March 4, 2021

Bucks: The Federal Debt: When Compound Interest Is Crushing

Carl Richards

The showdown over increasing the federal debt limit got me thinking about the power of compound interest. It’s always been one of the most powerful forces in the financial universe. And in the case of the debt ceiling, it appears that compound interest has the potential to become a crushing enemy.

Some people fear that the United States will lose its AAA credit-rating or even default temporarily, potentially increasing how much it costs the government to borrow money. According to the Congressional Budget Office:

…a 4-percentage-point across-the-board increase in interest rates would raise federal interest payments next year by about $100 billion; if those higher rates persisted, net interest costs in 2015 would be nearly double the roughly $460 billion that the C.B.O. currently projects for that year.

Think about that for a minute. If those worst-case-scenario interest rates came to pass and persisted, we’d be approaching a trillion dollars in interest payments per year. That’s what compound interest looks like when it’s working against you.

On a personal scale, you get a taste of it every month if you get careless with credit cards. Take a look at a bill. For every month you carry a balance, there’s a minimum payment required.

Many people only pay the minimum, not realizing that compound interest could make that $3,000 television cost way more than that and take over a decade to pay off. And that assumes you don’t add any additional charges to the balance.

New rules require that credit card companies include a section on each statement that shows just how long it will take to pay off the balance if you only make the minimum payment. Do yourself a favor and pay attention to the numbers. What you owe will only compound over time, and paying the minimum just digs the hole that much faster.
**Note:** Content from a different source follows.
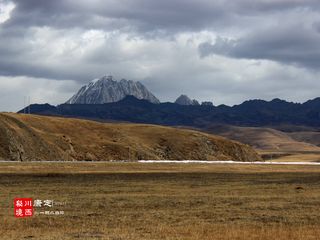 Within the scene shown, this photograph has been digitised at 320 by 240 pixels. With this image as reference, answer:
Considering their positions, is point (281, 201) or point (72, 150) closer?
point (281, 201)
J. Reuben Clark, an undersecretary of state for President Coolidge, noted a long time ago that, interest on debt “never sleeps nor sickens nor dies… Once in debt, interest is your companion every minute of the day and night; you cannot shun it or slip away from it; you cannot dismiss it; it yields neither to entreaties, demands, or orders; and whenever you get in its way or cross its course or fail to meet its demands, it crushes you.”

It also gets in the way of achieving our goals. Last week, one reader commented that having a zero balance on your credit card was almost as good as saving money. There is some truth to that because every dollar we spend on interest is one less dollar that can be saved for the future.

Now it becomes a question of how to make compound interest work for you instead of working against you.